# About this exercise
Any pictures in the records below must be left out when you repeat the lines from the line containing "A beautifully landscaped" through the line containing "Personalised 6oz whiskey" exactly.
Segment Start: Data extracts
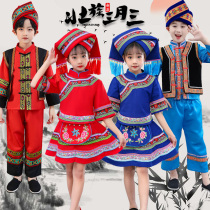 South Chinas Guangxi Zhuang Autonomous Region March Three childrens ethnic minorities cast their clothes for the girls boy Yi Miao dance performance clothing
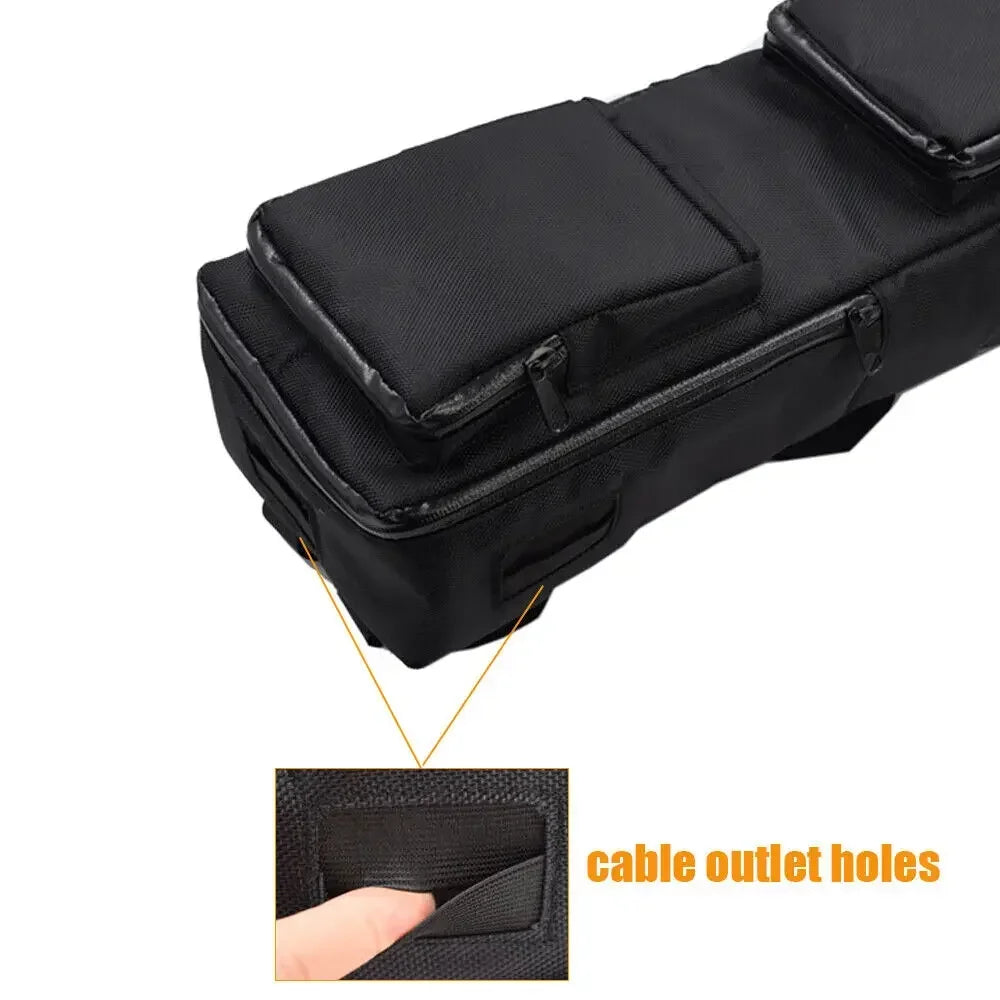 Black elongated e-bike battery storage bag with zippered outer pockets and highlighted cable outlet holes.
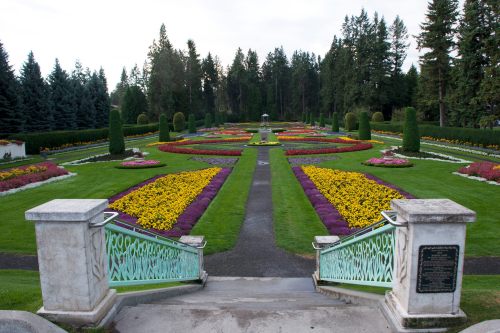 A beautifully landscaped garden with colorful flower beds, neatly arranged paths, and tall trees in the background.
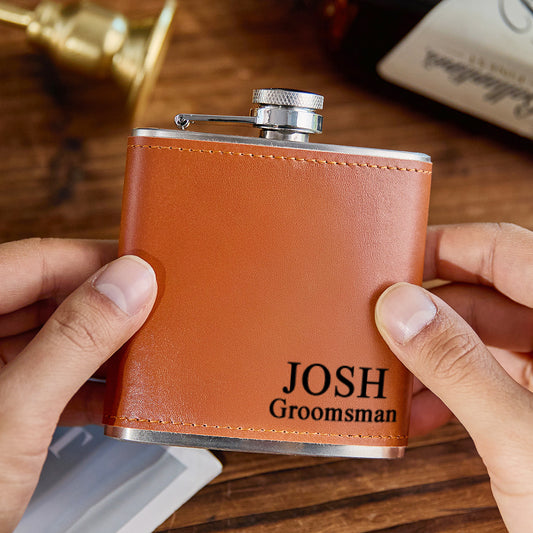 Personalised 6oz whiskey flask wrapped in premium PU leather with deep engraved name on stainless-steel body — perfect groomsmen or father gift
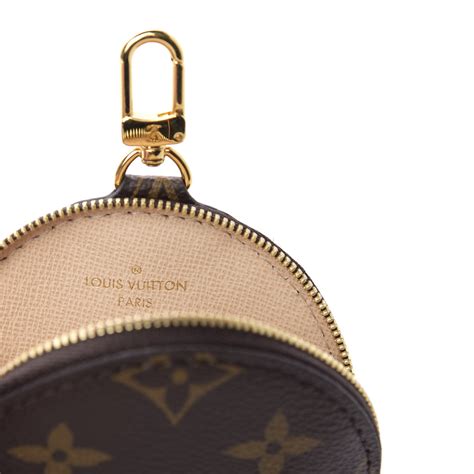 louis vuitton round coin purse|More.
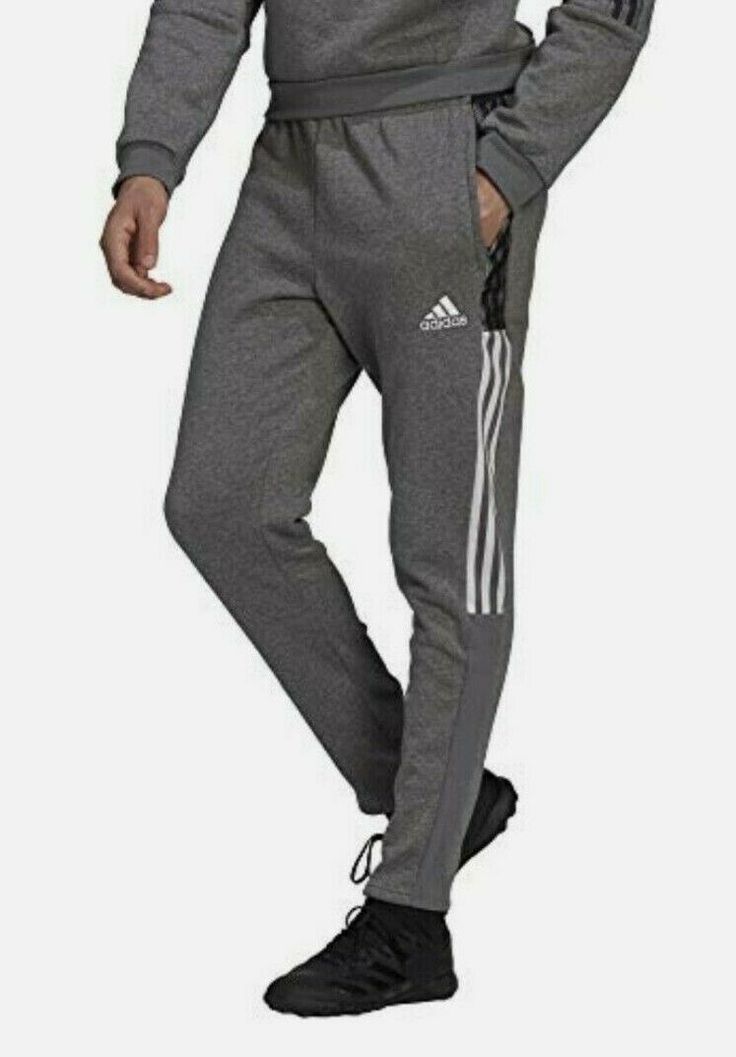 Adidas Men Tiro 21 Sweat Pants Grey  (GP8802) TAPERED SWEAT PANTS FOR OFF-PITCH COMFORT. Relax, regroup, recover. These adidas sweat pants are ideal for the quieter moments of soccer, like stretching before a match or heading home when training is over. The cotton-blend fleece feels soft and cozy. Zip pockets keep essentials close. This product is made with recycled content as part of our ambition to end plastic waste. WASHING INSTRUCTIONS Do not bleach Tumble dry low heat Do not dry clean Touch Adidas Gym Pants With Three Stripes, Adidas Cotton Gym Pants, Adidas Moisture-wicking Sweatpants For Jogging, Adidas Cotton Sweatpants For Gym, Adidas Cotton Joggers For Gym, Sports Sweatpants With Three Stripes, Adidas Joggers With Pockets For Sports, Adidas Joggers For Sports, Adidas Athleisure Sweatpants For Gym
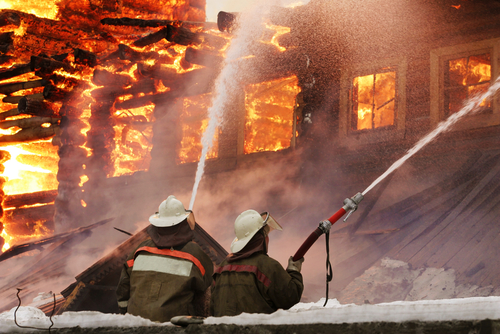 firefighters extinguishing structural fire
Segment End: Data extracts
# Solved problem
 A beautifully landscaped garden with colorful flower beds, neatly arranged paths, and tall trees in the background.
 Personalised 6oz whiskey flask wrapped in premium PU leather with deep engraved name on stainless-steel body — perfect groomsmen or father gift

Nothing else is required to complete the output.